That is an underrated form of power.

Because once you define the architecture, you define compatibility.
Once you define compatibility, you define who gets scaled.
Once you define who gets scaled, you capture rent from the entire buildout.

This is why the “circularity” criticism is both valid and incomplete. Yes, there is financial circularity risk when NVIDIA invests in customers or suppliers that buy or enable NVIDIA systems. But the industrial logic is clear: when the bottleneck is sequential deployment, capital itself becomes a tool of control. NVIDIA is not just chasing demand. It is manufacturing deployability.

The old semiconductor cycle was simple: shortage, overbuild, glut, price collapse.
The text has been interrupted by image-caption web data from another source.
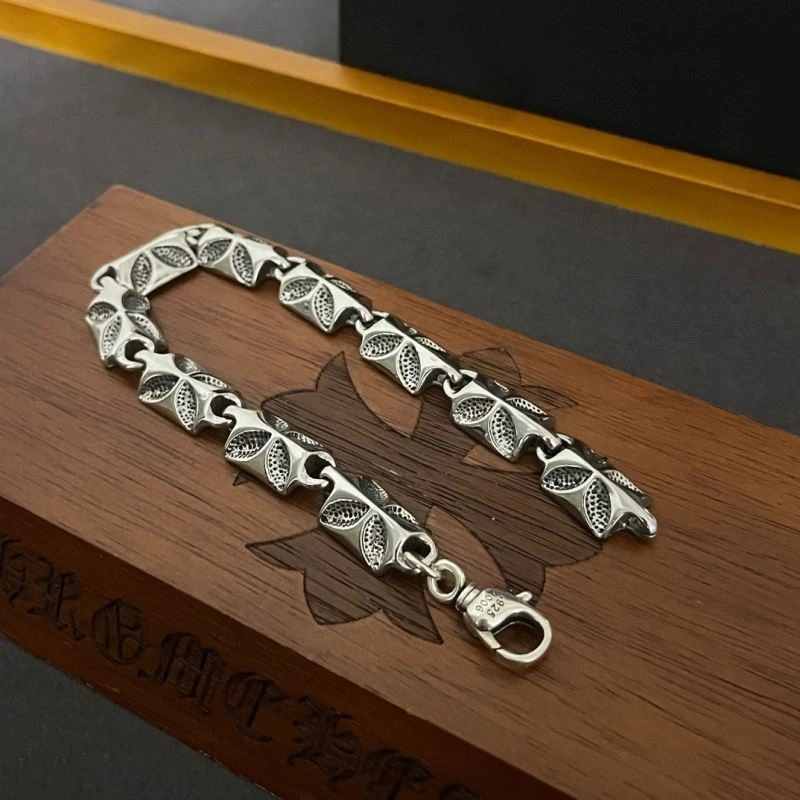 Soft Chrome Hearts Bracelets 241731
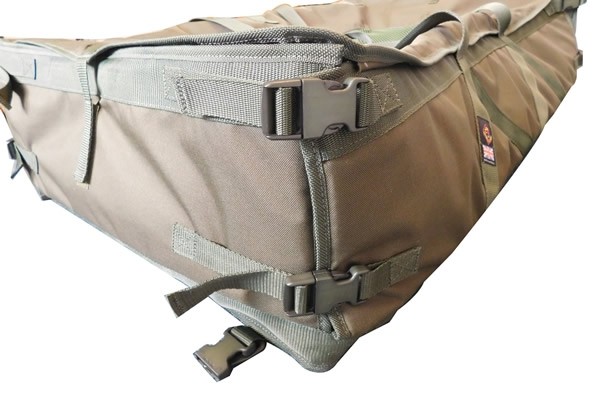 Cotswold Aquarius Flat Pack Cradle Mat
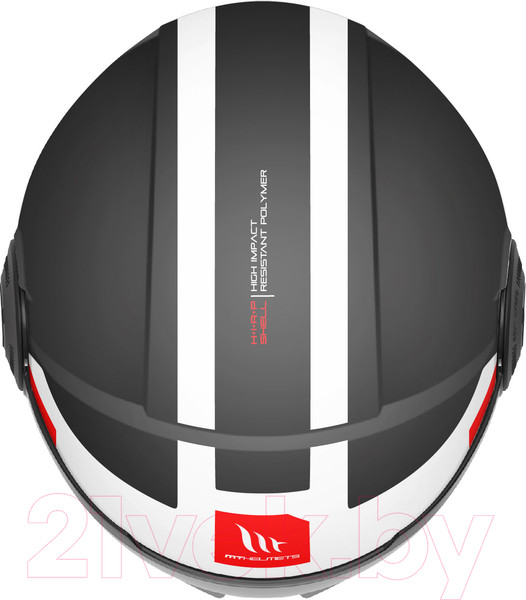 Изображение товара Мотошлем MT Helmets Viale SV S Flex (XL, матовый)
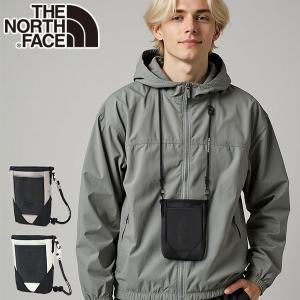 最大51%★8/18〜 日本正規品 ザ・ノース・フェイス ショルダーバッグ メンズ レディース 斜めがけ THE NORTH FACE ベースキャンプ BCネックポーチ NM82502｜ギャレリア Bag&Luggage
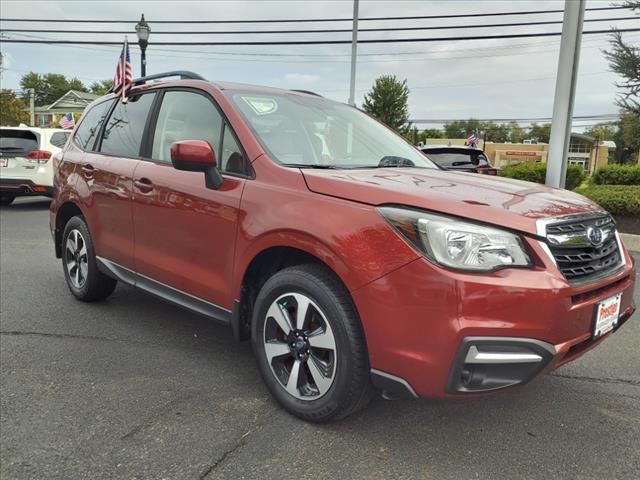 2017 Subaru Forester Premium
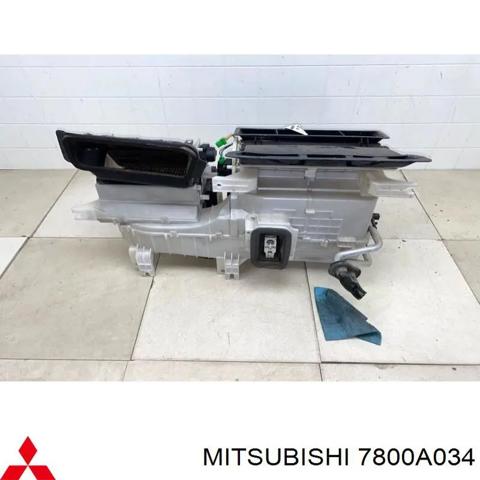 Радіатор обігрівача 7800A034 MITSUBISHI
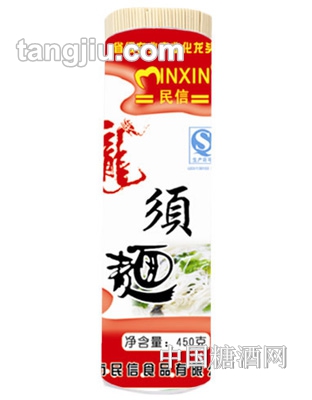 民信龙须面-450g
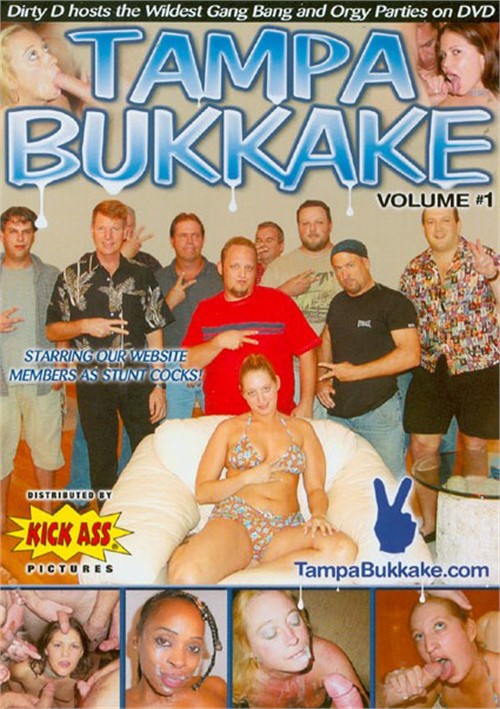 Tampa Bukkake Vol. 1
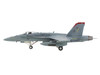 McDonnell Douglas F A 18C Hornet Aircraft VMFA 232 Red Devils 2014 United States Marine Corps Air Power Series 1/72 Diecast Model Hobby Master HA3588
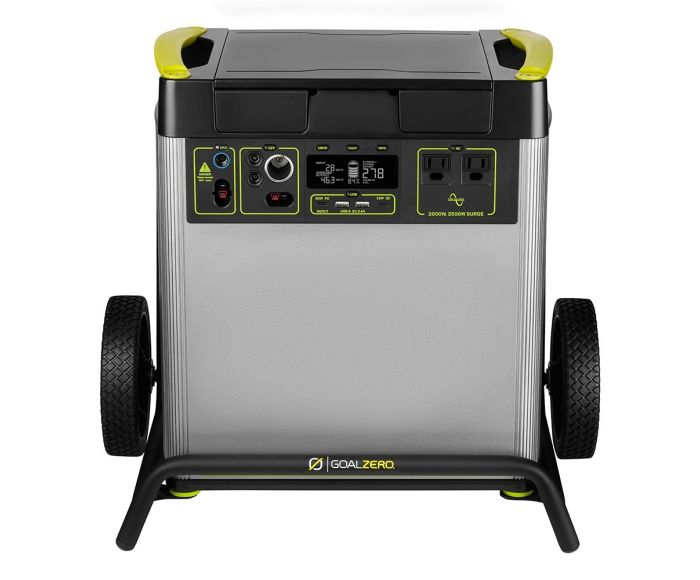 Goal Zero Yeti 6000X Lithium Portable Power Station (EU-Version)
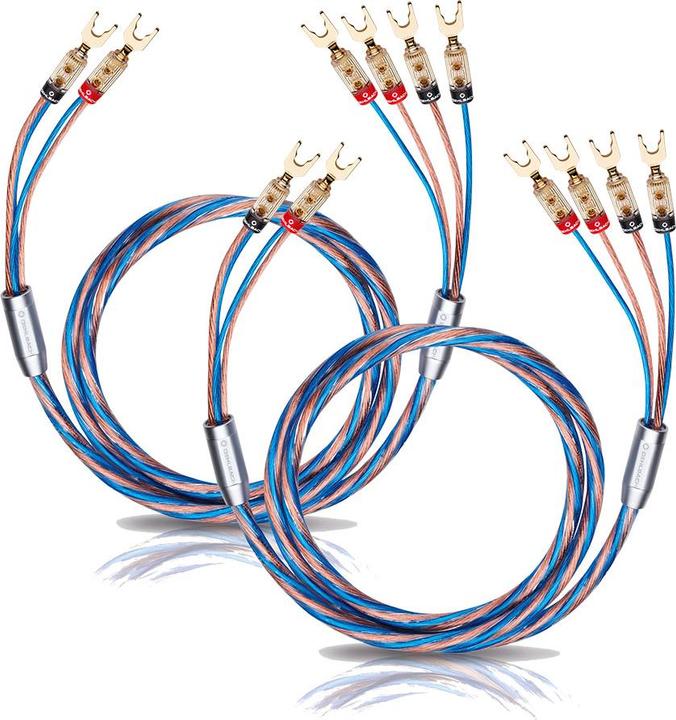 Image du produit Oehlbach Bi-Tech 4 (2 m, 2.50 mm²² mm)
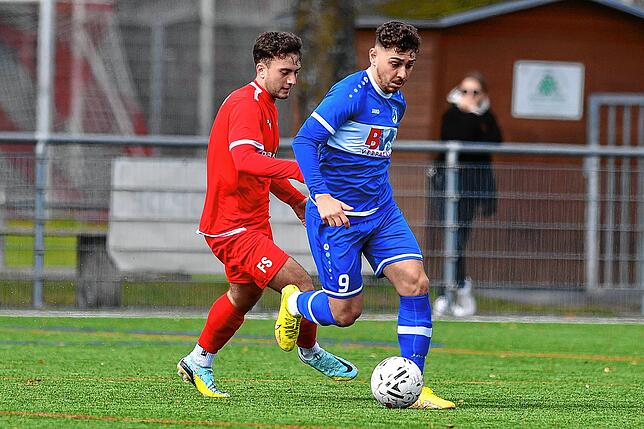 Bild 31: FC Erzingen kassiert 1:3-Niederlage bei der U23 des Freiburger FC &ndash; und wir haben Bilder!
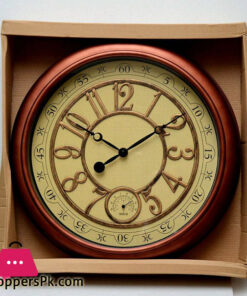Sera Analog Stylish Circle  Wall  Clock
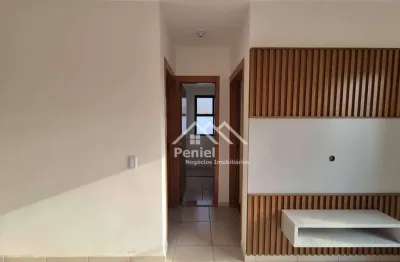 Apartamento com 2 dormitórios à venda, 56 m² por r$ 369.000,00 - residencial monterrey - ribeirão preto/sp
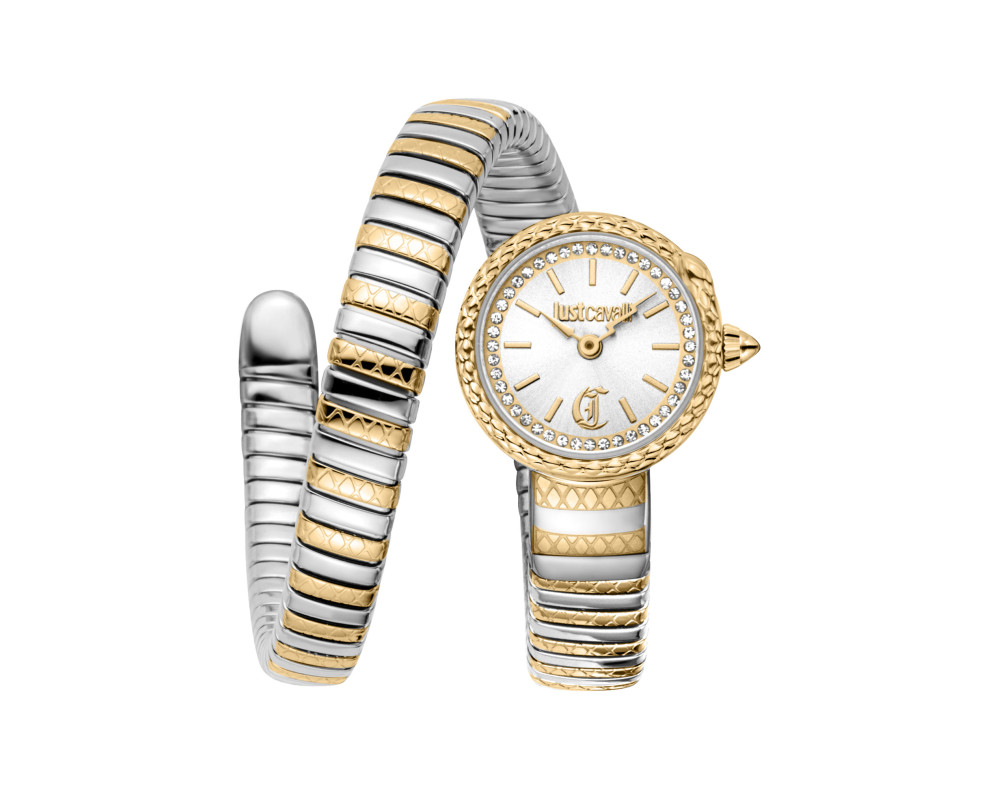 Just Cavalli Signature Snake Sirena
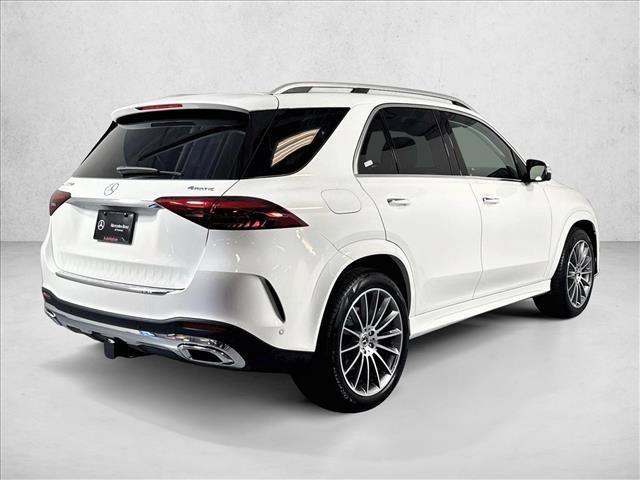 New 2026 Polar White Mercedes-Benz GLE 350 image 35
The AI infrastructure cycle is more complicated. You cannot flood the market with energized, permitted, liquid-cooled, fiber-connected, HBM-equipped, optically networked AI capacity overnight. The system has too many choke points. That does not eliminate cyclicality, but it stretches it. Scarcity rotates before it disappears.

First GPUs are scarce.
Then HBM is scarce.
Then packaging is scarce.
Then power is scarce.
Then transformers are scarce.
Then optical interconnect is scarce.
Then capital is scarce.

NVIDIA’s genius is that it does not wait for the bottleneck to become obvious. It moves before the market’s spreadsheet updates.

They see it better than anyone because they are in the eye of the hurricane. That is the real story.

NVIDIA is building the AI stack as if it were a national industrial project, except the coordination layer is corporate, not governmental.

And that creates a very different investment framework. The question is no longer just who has AI exposure? Everybody has AI exposure now. The question is:

Who controls the next constraint?

That is the map.

Power-ready sites matter more than vague “MW pipelines.”
Optics matter more than generic “data center components.”
HBM and packaging matter more than chip-design slides.
Permitted land matters more than theoretical capacity.
Take-or-pay contracts matter more than press releases.
Balance-sheet depth matters more than TAM language.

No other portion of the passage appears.